Hospitals, Health Systems And Clinics Adding Portals, But Consumers Not Synched Up

With Meaningful Use Stage 2 requiring that 5 percent of patients use them, a growing number of health systems, hospitals and clinics have rolled out patient portals, according to a recent study by KLAS. In fact, 57 percent of providers now offer a portal, typically connected to their enterprise EMR, KLAS found.

The thing is, somehow these efforts aren’t reaching consumers. In a new Wolters Kluwer Health survey of 1,000 consumers, only 19 percent said that they have access to a personal health record.

It’s not that patients don’t want to be engaged in their health — 80 percent of respondents said greater control of healthcare is positive — but it seems that they either don’t like or don’t know how to find the portals available to them.

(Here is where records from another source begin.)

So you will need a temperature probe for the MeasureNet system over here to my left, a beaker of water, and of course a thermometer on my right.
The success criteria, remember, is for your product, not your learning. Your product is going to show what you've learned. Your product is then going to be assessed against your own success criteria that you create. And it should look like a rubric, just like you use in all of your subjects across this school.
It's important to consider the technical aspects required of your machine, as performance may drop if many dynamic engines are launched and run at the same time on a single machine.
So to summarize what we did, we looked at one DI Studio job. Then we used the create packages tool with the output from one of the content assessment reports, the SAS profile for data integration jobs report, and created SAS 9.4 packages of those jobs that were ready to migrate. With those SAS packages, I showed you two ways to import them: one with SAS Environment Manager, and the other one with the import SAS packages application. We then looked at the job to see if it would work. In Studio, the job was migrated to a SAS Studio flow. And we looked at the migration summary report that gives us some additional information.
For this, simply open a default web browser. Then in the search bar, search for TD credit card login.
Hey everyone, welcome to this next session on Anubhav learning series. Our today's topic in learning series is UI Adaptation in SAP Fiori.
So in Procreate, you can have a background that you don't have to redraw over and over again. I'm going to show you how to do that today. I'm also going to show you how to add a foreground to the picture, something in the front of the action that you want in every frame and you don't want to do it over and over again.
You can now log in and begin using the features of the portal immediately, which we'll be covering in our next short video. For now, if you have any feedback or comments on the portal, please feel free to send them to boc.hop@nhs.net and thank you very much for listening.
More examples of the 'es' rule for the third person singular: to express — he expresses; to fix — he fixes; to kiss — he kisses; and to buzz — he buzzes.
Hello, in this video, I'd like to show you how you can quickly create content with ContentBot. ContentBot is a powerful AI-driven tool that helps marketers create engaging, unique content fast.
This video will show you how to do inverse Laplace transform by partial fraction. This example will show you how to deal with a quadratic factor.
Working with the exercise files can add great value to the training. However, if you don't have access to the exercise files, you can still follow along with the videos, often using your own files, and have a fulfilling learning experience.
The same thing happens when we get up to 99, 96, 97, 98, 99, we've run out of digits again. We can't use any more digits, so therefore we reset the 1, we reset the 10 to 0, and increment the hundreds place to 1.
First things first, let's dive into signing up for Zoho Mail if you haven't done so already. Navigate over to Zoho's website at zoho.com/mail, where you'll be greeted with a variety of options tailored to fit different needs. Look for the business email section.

Ultimately, the broad mass of consumers simply don’t seem to see a crying need to use portals as of yet. Seventy-six percent of respondents to the Wolters Kluwer survey said that they have the information and tools they need to manage basic healthcare functions such as choosing providers and researching treatment options, clearly dwarfing the number who care to look at their own patient data.

That being said, there’s a small (but I’d argue, growing) minority of patients who do take connections with providers seriously. Nineteen percent of respondents told researchers that the ability to communicate via e-mail with doctors and nurses and schedule appointments online was an important factor in choosing a medical practice. In other words, there’s clearly a wired contingent out there which would probably respond well to a truly useful portal.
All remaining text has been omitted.